- [Web page caption snippets]:
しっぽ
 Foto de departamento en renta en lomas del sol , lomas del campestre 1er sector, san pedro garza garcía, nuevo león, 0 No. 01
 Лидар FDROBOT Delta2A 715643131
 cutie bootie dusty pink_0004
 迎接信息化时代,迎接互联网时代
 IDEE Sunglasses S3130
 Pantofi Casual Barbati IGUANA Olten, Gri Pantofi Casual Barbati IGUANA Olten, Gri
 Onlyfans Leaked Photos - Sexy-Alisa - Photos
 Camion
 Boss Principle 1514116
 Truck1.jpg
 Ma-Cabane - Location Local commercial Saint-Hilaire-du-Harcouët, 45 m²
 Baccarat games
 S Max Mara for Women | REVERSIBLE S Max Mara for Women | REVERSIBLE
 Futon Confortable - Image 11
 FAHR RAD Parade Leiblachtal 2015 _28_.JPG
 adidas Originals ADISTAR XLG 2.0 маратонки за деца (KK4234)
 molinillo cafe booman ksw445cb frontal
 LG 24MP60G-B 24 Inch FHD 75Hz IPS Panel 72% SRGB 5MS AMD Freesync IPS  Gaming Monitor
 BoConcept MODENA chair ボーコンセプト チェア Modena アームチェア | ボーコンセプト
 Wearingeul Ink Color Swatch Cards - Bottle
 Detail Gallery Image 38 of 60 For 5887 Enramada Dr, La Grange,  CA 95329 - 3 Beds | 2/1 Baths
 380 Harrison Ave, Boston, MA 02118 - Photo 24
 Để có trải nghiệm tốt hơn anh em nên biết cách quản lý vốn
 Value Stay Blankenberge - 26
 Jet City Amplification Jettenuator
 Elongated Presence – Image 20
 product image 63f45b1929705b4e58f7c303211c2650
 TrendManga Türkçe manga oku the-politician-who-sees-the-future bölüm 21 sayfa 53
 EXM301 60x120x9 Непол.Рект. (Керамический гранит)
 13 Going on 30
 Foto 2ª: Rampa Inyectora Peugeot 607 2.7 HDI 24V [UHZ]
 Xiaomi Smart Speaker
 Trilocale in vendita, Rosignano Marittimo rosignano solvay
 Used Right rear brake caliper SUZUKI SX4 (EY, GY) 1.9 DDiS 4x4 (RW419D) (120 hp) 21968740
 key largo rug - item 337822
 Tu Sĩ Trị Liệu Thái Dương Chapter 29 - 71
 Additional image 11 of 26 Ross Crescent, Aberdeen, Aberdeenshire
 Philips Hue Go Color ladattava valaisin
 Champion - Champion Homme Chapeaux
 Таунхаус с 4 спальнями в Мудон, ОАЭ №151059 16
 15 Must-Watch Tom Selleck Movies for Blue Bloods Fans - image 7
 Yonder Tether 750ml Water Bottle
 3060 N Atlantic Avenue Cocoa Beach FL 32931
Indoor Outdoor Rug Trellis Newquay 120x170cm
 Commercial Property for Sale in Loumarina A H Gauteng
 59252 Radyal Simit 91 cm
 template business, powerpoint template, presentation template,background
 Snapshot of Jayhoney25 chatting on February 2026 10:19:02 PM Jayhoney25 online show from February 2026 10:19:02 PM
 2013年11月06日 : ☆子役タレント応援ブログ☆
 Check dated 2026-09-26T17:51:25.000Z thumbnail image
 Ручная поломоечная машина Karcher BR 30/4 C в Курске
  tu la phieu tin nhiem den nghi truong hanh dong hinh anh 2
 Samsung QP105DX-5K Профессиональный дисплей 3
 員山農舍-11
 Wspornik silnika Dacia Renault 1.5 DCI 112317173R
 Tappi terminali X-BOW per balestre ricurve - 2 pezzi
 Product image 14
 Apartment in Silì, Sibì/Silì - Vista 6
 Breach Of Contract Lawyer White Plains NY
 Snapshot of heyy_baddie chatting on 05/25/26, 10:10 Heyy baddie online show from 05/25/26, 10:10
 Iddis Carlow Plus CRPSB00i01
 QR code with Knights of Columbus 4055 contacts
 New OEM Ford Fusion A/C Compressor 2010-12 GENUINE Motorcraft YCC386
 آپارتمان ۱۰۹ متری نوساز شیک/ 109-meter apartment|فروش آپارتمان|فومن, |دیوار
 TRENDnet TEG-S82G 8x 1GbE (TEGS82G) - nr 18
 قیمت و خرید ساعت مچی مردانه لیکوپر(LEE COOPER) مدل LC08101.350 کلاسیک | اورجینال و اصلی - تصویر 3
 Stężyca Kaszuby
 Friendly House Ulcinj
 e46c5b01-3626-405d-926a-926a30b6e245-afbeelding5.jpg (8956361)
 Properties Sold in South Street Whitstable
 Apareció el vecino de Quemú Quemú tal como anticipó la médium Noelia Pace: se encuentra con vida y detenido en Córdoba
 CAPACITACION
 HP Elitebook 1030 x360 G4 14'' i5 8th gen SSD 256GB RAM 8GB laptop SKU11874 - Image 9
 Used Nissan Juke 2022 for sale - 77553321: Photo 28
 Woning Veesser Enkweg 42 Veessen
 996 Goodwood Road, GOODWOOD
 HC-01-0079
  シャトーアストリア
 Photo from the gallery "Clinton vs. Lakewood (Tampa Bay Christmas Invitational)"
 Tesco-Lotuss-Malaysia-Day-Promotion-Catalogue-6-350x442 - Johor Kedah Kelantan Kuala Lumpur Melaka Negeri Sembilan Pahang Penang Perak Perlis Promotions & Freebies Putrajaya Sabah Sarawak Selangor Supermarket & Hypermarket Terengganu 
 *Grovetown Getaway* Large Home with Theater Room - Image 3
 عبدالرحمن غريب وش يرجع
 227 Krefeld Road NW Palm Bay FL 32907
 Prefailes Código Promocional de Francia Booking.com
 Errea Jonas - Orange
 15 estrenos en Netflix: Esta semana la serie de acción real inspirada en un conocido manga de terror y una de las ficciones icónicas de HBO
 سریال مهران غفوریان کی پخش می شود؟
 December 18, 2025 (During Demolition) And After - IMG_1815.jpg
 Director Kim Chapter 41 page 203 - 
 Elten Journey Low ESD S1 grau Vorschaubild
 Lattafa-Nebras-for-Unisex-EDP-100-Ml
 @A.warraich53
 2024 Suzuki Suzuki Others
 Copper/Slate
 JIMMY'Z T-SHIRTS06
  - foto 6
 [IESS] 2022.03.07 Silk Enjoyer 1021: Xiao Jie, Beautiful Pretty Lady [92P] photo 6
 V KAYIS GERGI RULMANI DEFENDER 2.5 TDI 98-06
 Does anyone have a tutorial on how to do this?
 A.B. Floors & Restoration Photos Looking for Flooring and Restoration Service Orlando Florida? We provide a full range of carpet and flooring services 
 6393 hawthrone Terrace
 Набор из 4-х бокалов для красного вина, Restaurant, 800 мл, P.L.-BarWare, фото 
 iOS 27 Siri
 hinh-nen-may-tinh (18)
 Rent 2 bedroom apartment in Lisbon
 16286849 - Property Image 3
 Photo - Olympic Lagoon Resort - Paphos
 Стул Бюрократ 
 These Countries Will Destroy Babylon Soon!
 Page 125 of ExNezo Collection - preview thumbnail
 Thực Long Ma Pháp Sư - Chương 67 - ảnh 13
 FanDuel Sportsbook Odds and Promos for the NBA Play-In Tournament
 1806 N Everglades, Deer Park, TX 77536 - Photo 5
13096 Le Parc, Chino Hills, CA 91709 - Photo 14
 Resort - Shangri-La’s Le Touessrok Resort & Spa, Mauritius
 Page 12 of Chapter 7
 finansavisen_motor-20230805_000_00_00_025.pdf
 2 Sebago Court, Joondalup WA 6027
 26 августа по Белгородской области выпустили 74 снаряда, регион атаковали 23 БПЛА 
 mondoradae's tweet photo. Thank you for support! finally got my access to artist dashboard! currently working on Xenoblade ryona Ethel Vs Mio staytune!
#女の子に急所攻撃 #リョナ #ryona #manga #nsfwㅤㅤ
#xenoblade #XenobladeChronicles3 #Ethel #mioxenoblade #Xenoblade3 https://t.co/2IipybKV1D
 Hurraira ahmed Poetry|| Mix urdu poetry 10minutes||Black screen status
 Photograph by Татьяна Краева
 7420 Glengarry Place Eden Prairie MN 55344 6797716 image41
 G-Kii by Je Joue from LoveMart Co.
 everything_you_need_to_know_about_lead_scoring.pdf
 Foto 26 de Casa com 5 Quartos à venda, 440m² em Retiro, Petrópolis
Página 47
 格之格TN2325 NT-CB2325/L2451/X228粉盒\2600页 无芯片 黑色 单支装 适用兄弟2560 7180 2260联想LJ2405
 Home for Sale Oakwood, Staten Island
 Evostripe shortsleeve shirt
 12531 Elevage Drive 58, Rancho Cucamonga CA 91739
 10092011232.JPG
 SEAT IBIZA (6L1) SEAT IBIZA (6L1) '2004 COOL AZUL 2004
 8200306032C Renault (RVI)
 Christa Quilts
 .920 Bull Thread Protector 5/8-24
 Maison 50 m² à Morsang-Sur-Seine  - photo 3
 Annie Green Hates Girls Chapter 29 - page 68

- [Action item]: Show all lines in the records above that hold "with".

- [Finished exercise]:
 QR code with Knights of Columbus 4055 contacts
 *Grovetown Getaway* Large Home with Theater Room - Image 3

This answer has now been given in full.